Air Force Civil Engineer Center (AFCEC) Discusses Ignitable Liquid Drainage System (ILDS)
The Safespill Floor
After extensive testing by the Air Force Civil Engineer Center (AFCEC), they have coined the term Ignitable Liquid Drainage System (ILDS) for the use of Safespill’s technology in aircraft hangars. The term for the Safespill floor originated from the FM approved flooring system, referenced as an Ignitable Liquid Drainage Floor Assembly (ILDFA) by Factory Mutual (FM) Global in Safespill’s Standard 6090. The term was additionally used when the NFPA 409 technical committee evaluated research and data presented by AFCEC, and ILDFA passed the final ballot as equivalent protection to flammable liquid fires when compared to existing fire protection schemes allowed by NFPA 409.
AFCEC ILDS Testing Summary
The Department of Defense is required by the 2020 NDAA to eliminate use of Fluorinated Aqueous Film Forming Foam (AFFF) by 1 October 2024.
The ILDS test area was composed of a mockup of a fighter-jet (part of the fuselage and part of the wing) with a hopper for the fuel behind the wing.

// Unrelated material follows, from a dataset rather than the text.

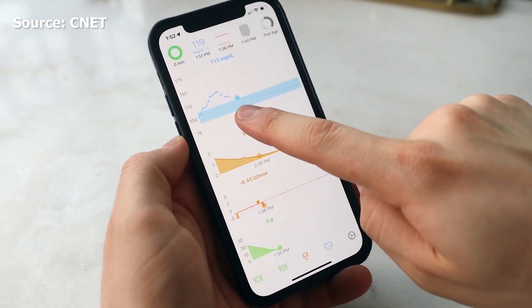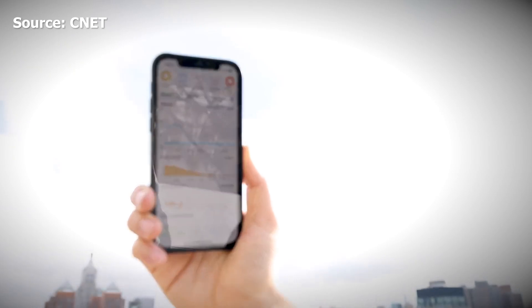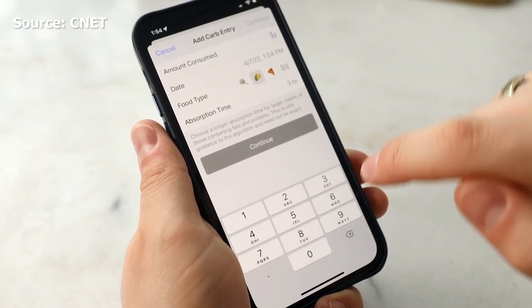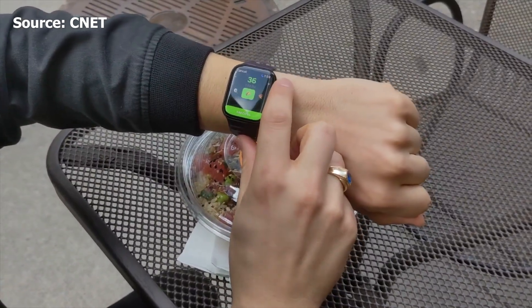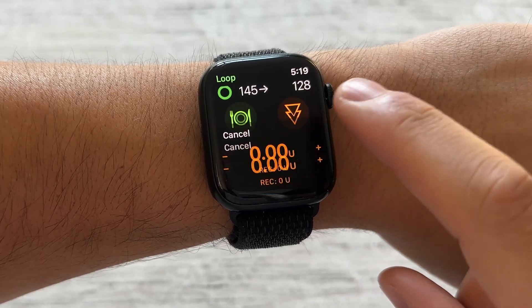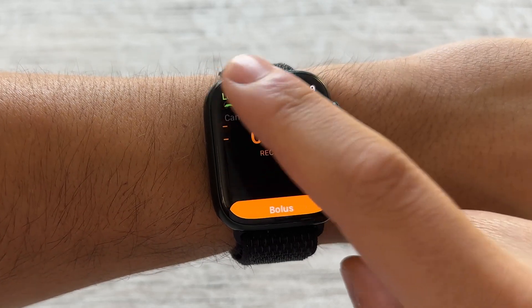Loop is an app on an iPhone that you have to build yourself. It controls all your insulin delivery — you can bolus, you can log meals. It basically is your PDM, meaning you don't need to carry an extra device. You just need the iPhone. There's also a tag-along app on the Apple Watch, which I am a huge fan of. I think everyone who uses Loop should really highly consider getting the Apple Watch just for this feature — being able to control and bolus right from your wrist.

The hopper was designed to mimic an emergency dump of fuel from the jet that has ignited. The rate of flow was controlled, and was the same whether dumping 15 gallons or 165 gallons of burning fuel.
GOALS & OBJECTIVES
- Part of the solution to eliminating use of AFFF could be to remove the need for foam in hangars completely by installing alternatives, such as ignitable liquid drainage systems similar to the one shown here.
- Fifteen fires were conducted in the ILDS with the flushing system activated. These tests went up to 165 gallons of burning fuel. Another 15 fires were conducted in the ILDS with the flushing system deactivated, to determine if the system was still protective even in situations when the flushing was malfunctioning.
ILDS’s are composed of numerous, parallel drainage trenches under a perforated floor. As the liquid, particularly burning fuel, flows into the system, it triggers a sensor that turns on the water flushing mechanism. The burning fuel is flushed away and rapidly reduces the extinguishment time.
The fire in the ILDS was out in less than three minutes. There was an 90% reduction of the average heat flux on the wing of the mock-up, to 10 kilowatts per meter squared, and an 84% reduction of the average heat flux on the fuselage of the mock-up, also to 10 kilowatts per meter squared, from the 55 gallon baseline fire compared to the 165 gallon ILDS fire. This is well below the 35 kilowatts per meter squared heat flux for 45 seconds threshold at which a composite aircraft would be damaged.